- Born: Canzo
- Died: 8 April 448 Como
- Venerated in: Roman Catholicism, Eastern Orthodox Church
- Feast: 8 April

= Amantius of Como =

Italian Roman Catholic saint

Amantius of Como (Sant'Amanzio di Como) (died April 8, 448 AD) is venerated as the third bishop of Como. He was preceded by Felix of Como and Provinus. He was succeeded by Abundius. His feast day is 8 April.

==Biography==
A late legend, based on a naive reading of the toponym Cantium, says he was born in Canterbury, and served as an imperial dignitary before becoming a bishop. The legend continues he was a relative of Theodosius II through his mother. He is credited with building the original Basilica of Sant'Abbondio outside of the city walls of Como. The basilica was built to house several relics associated with Peter and Paul, which Amantius had brought from Rome.

==Veneration==
His relics were preserved at Sant'Abbondio until July 2, 1590, when they were transferred to the Chiesa del Gesù in Como.

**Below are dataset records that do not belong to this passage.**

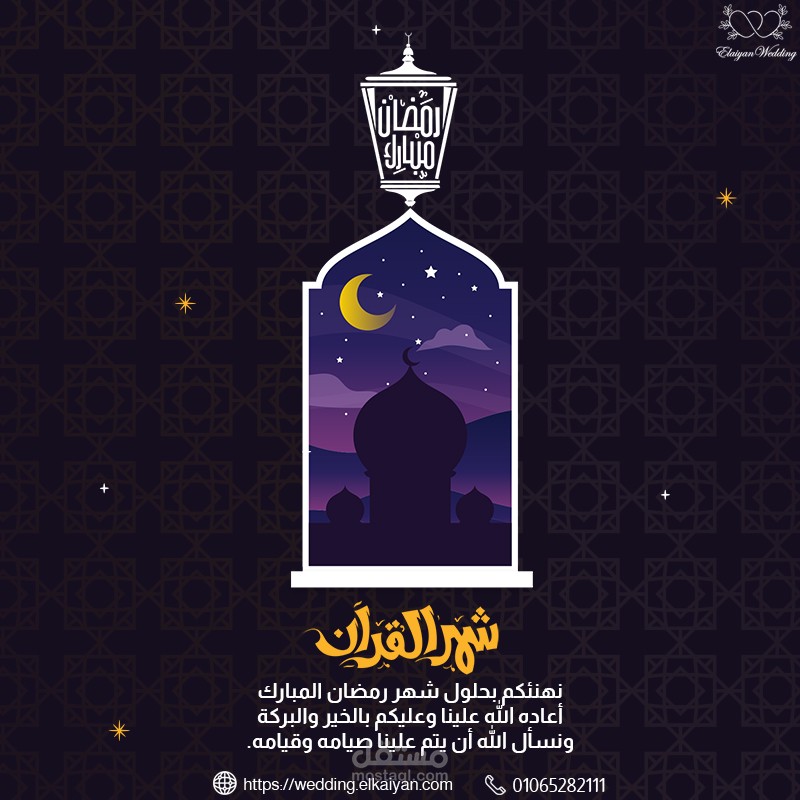 شهر رمضان المبارك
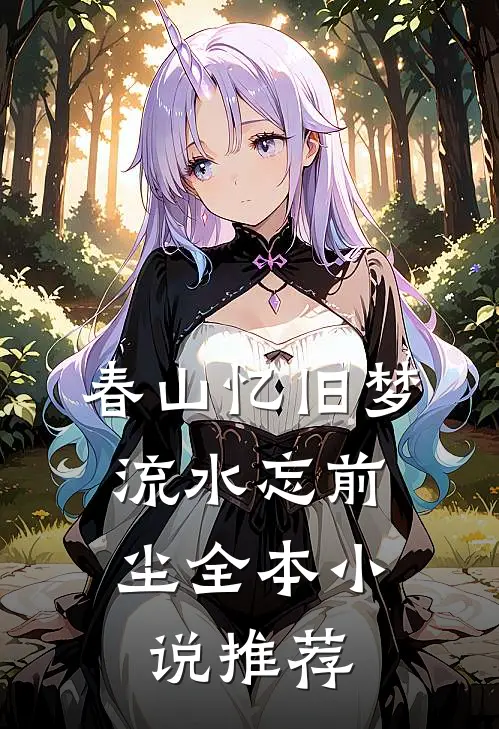 春山忆旧梦，流水忘前尘全本小说推荐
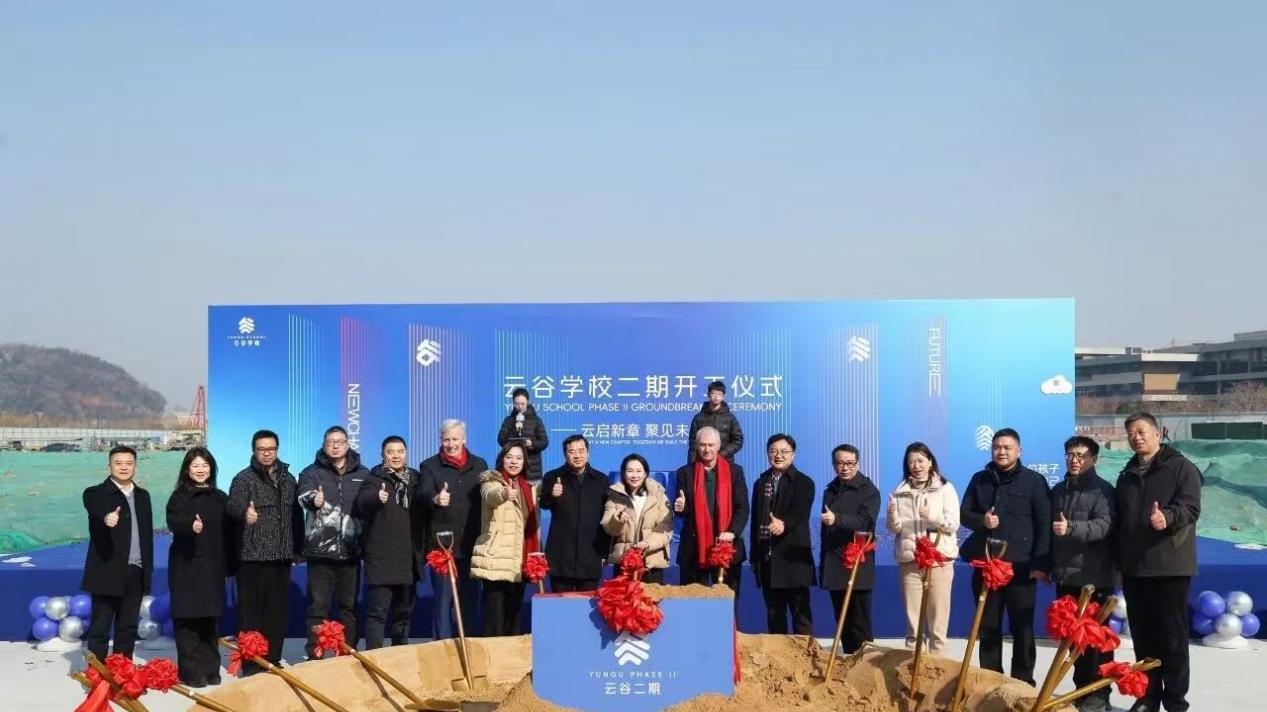 云谷学校二期正式开工，办学委追加10.6亿打造未来校园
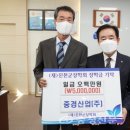 ㈜중경 이미지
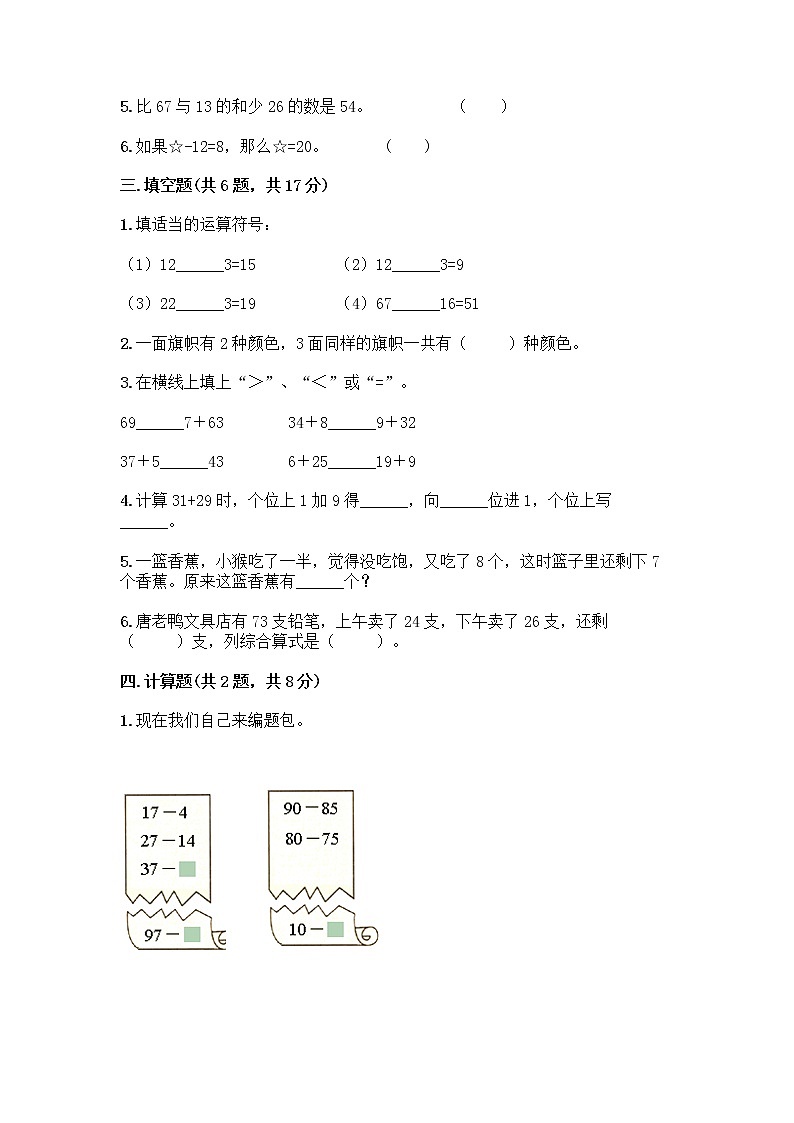 人教版二年级上册第二单元100以内的加法和减法（二）整理和复习测试题免费下载答案02
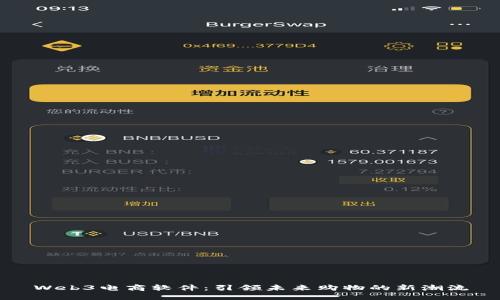 Web3电商软件：引领未来购物的新潮流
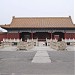 Gate of Military Eminence (Wuyingmen) in Beijing city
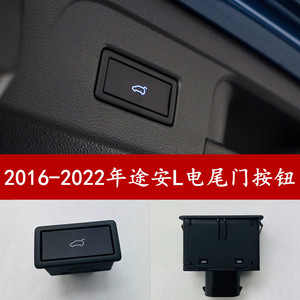 大众2016-2022年途安L后备箱电动开关尾门按钮电尾门开关按键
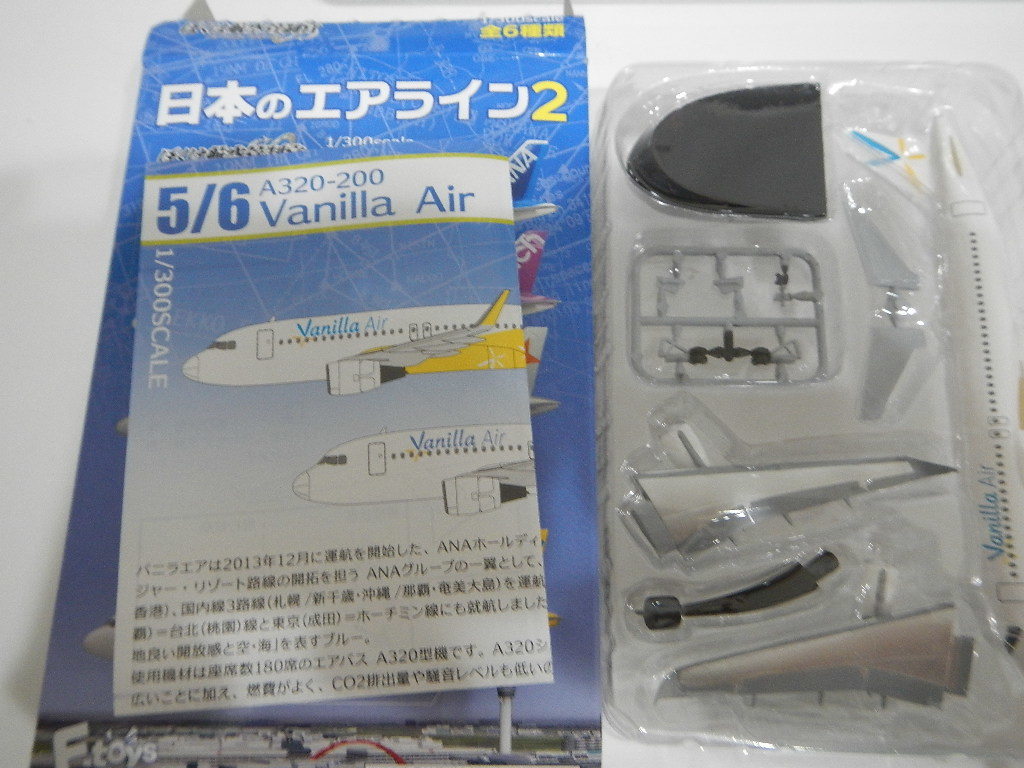  japanese Eara in 2 A320-200 Vanilla Air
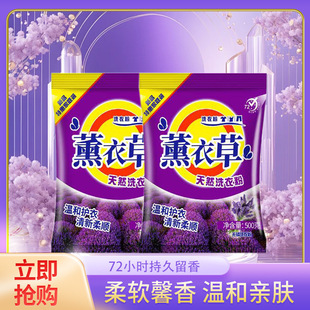 Wholesale 500g lavender fragrance washing powder phosphorus-free * dirt easy to rinse household student washing powder does not hurt hands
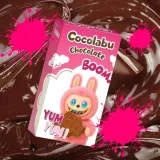 cocolabu-chocolate-boom-purple-waga-70-g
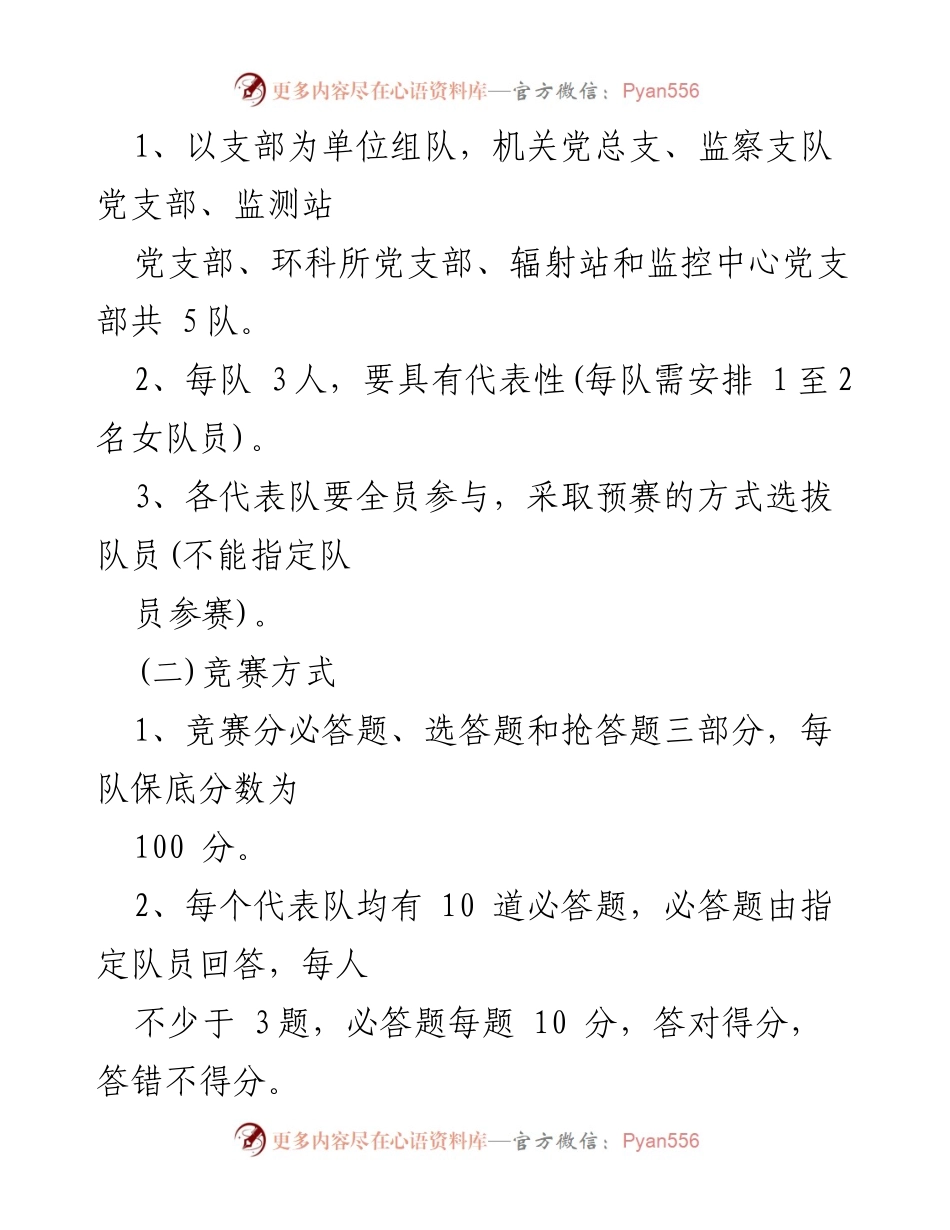 [活动方案] 五四青年节 - 2020年五四青年节纪念活动方案.docx_第2页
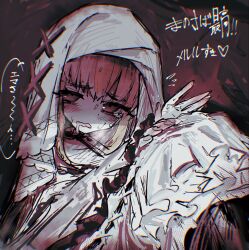 mahou shoujo no majo saiban fan art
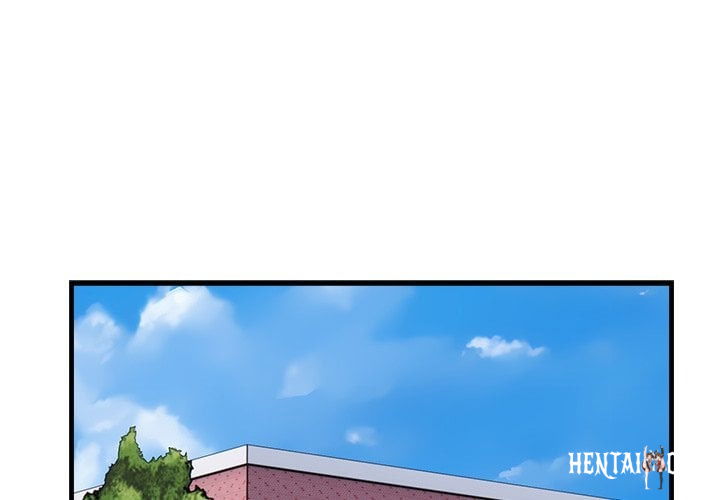 Desire Note Desire Note Chapter 7 - Page 2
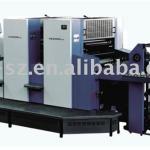 CEIEC offset printing machine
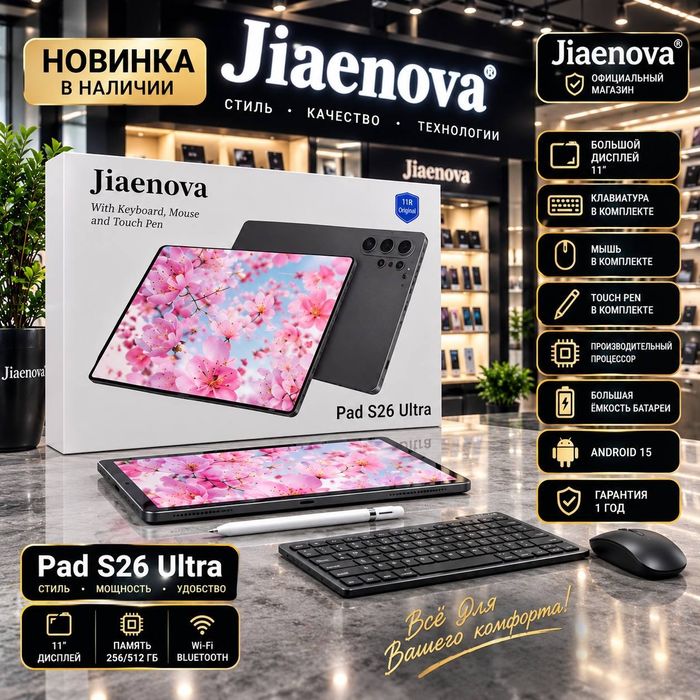 ПЛАНШЕТЫ в комплекте мыши и клавиатуры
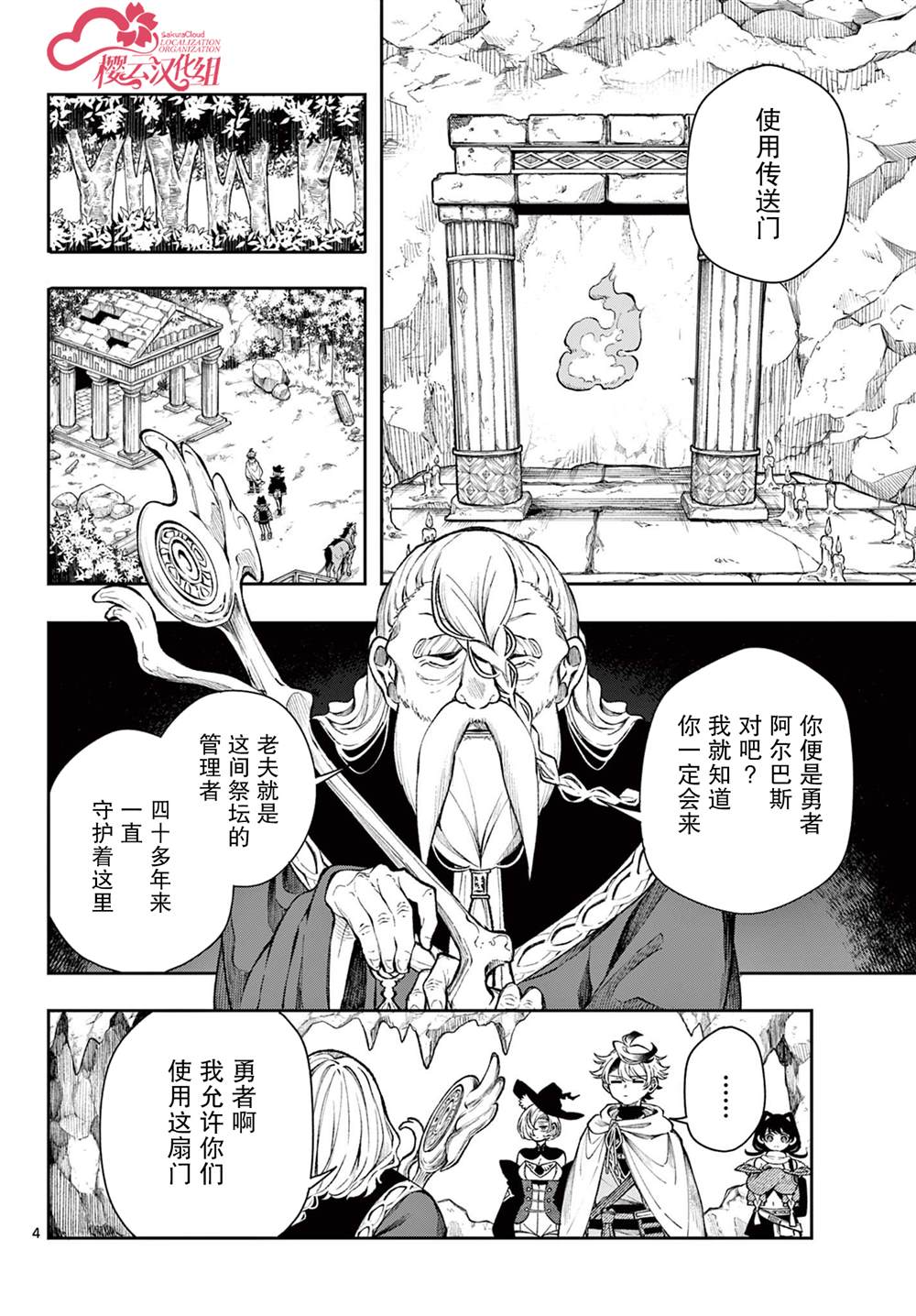 第4页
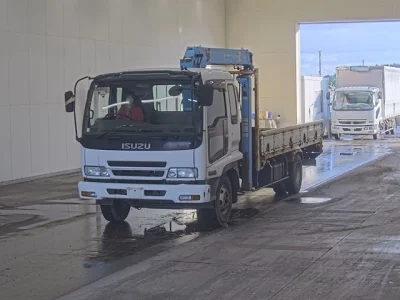 ISUZU FORWARD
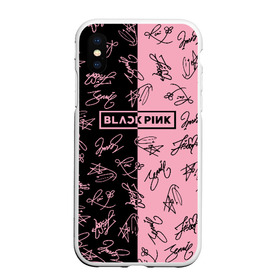 Чехол для iPhone XS Max матовый с принтом BLACKPINK АВТОГРАФЫ в городе Новоалтайск, Силикон | Область печати: задняя сторона чехла, без боковых панелей | blackpink | kpop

The relics were later transferred to the church of San Fedele in Como, where they remain today.

==Bibliography==

- Siro Borrani, Il Ticino Sacro. Memorie religiose della Svizzera Italiana raccolte dal sacerdote Siro Borrani prevosto di Losone, Lugani, Tip. e Libreria Cattolica di Giovanni Grassi, 1896.
- Adriano Caprioli, Antonio Rimoldi, Luciano Vaccaro, Diocesi di Como, Brescia, Editrice La Scuola, 1986, ISBN 88-350-7761-3.